The telephone contact is just UNACCEPTABLE.  You should be getting a minimum of 2 phone calls per 7 day week, for a total of 15 minutes PER child PER phone call.  

If you do not get a hold of your children at their home phone number, you should be able to leavea message and they should call you back within the next 24 hours.

I would strongly recommend requesting a telephone schedule. For instance, Mondays, Wednesdays, Fridays between 6:00 - 7:00 Pm.

When my ss was long distance my husband called on Tuesday evenings and Saturday afternoons.  His mother used to deny access ALL the time, so I feel your pain.  She also didn't have him call back... ever... and when she was there he wouldn't really talk to either his father or I.  He'd be really .. curt... brief... but when she wasn't there? he'd talk for .. a LONG time.. 20-30 minutes with EACH of us, dh and I.

You should request a specific phone contact order immediately.

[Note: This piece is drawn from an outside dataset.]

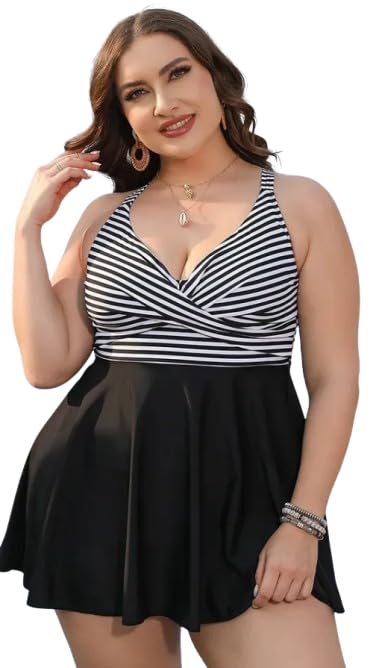 Plus Size Two Pieces Striped Print Patchwork Tummy Control Swimwear-picture-35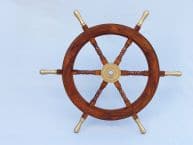 Wood and Brass Ship Wheel 30 with Brass Spokes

As far as summers.  We had an order that said my dh got the ENTIRE summer school vacation, all except EITHER the last 2 weeks of summer, the First 2 weeks of summer OR one at the start and one at the end.

Basically, my ss's mother got him for 2 weeks in the summer time.

It did not matter that my husband worked all summer long, becuase I was home.  If I was not home, ss would have gone to summer camp type situations.  That is normal for lots of kids in intact families and with custodial parents, so don't let her try to edge her way into denying you time because you have to work.  WHen you are the CP during your time you can decide where the kids spend their days

UNLESS she insists on a First Right of Refusal, which doesn't really make much sense in a long distance parenting scenario.  You won't be able to take advantage of it during the normal year, she shouldn't be able to request it during the summer.